DATA BLOCK:
┏━━

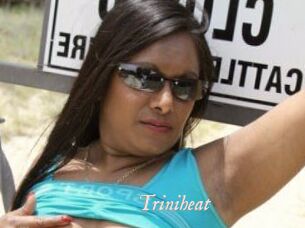Triniheat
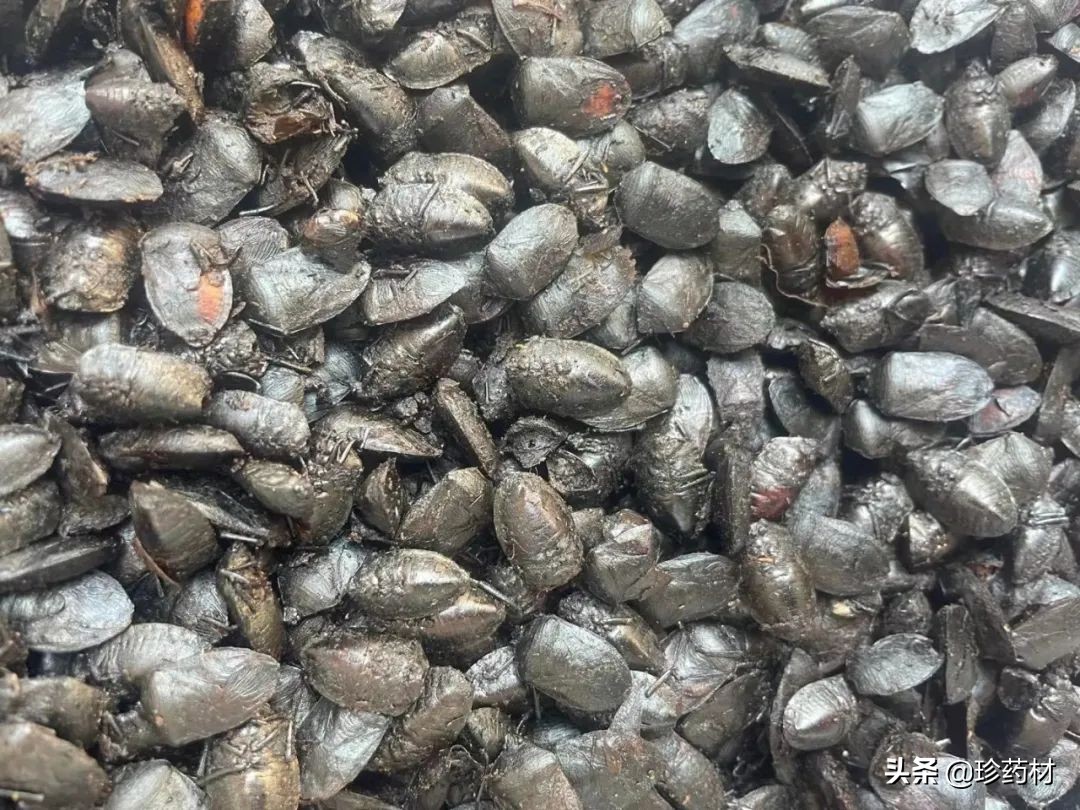 12月23日中药材市场快讯：三七、红景天、白茅根、猫爪草、菟丝子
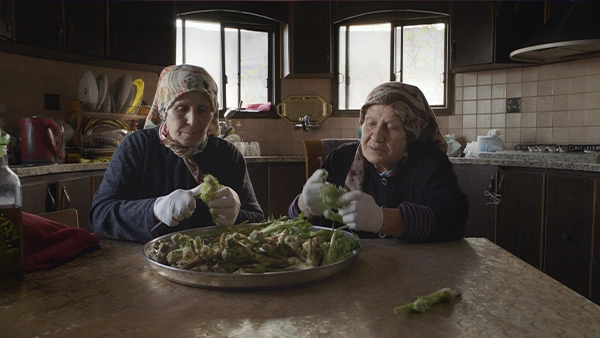Foragers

┗━━

WHAT TO DO: When repeating the material above, keep every line exact and drop all pictures.

RESULT OF THE EXERCISE:
Triniheat
 12月23日中药材市场快讯：三七、红景天、白茅根、猫爪草、菟丝子
Foragers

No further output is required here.